A follow-up to last week's post on antique bicycle posters and their related companies: The redoubtable Mrs. V. dug up some great related articles and book chapters this week. You can't beat having a bona fide librarian in the family.
First up, a delightful and engrossing account of the earliest manufacturers of bicycles in Massachusetts (and, by extension, the U.S.). Quite a bit of detail about the illustrious Albert Pope, known to all and sundry by his honorific, "Colonel." Tasty details about how and why he started the Columbia Bicycle Company, and about the roiling market for early bicycles. At one point in the late 19th century, there were over 100 separate bicycle manufacturing companies in Boston alone. I keep telling you people: Cycling was it in those days in this country. All other sports took a back seat. I don't know about you, but when I read stuff like this, I start thinking I was born too late. I particularly enjoy the fact that my adoptive state of Massachusetts was a hot-bed of cycling history. (See earlier post about Major Taylor, "The Worcester Whirlwind" and one of the first African-American sports superstars.)

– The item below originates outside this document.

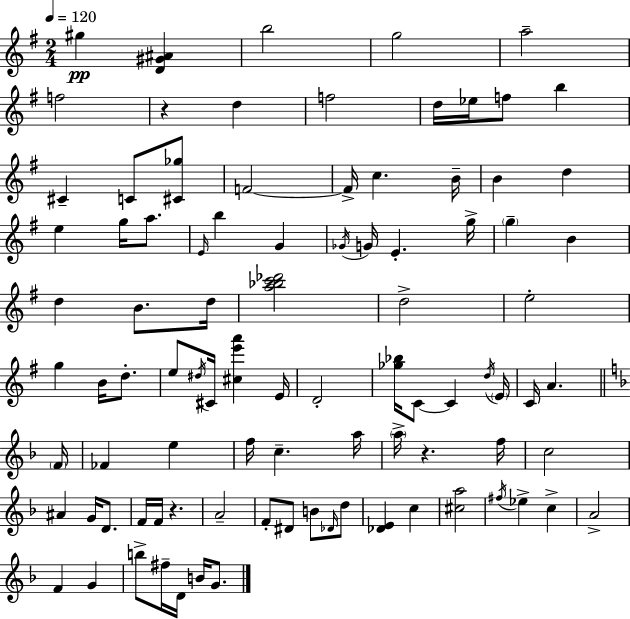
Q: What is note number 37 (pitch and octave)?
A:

As for the Northampton Cycle Company, the subject of the second print hanging on our study wall, Mrs V. exhumed a more specific article from an 1898 edition of the New York Times. It seems they were indeed real -- but perhaps short-lived. Now, this might have had something to do with a nefarious bank president from Northampton, who absconded with some of the bike company's funds one fine day. Hm... banks making off with undeserved loot... sounds awfully familiar... let's see...
A sighting of the fleeing bank officer in nearby Westfield is mentioned at the end of that short blurb. The next we hear of him, he is apprehended in Louisville, KY, "posing as a man of some means... on the lookout to invest his capital to advantage." He had $7 in his pocket. You can't make this stuff up.
In a strange way, I find it comforting to be reminded that the news themes that outrage us today -- financial turmoil, shady dealings, outsized egos jostling for worldly position -- are as old as the hills. Perhaps just as comforting, the Columbia company rolls on today, 132 years later, under the same name... and just a few towns away from where I'm living now. Everything old really is new again.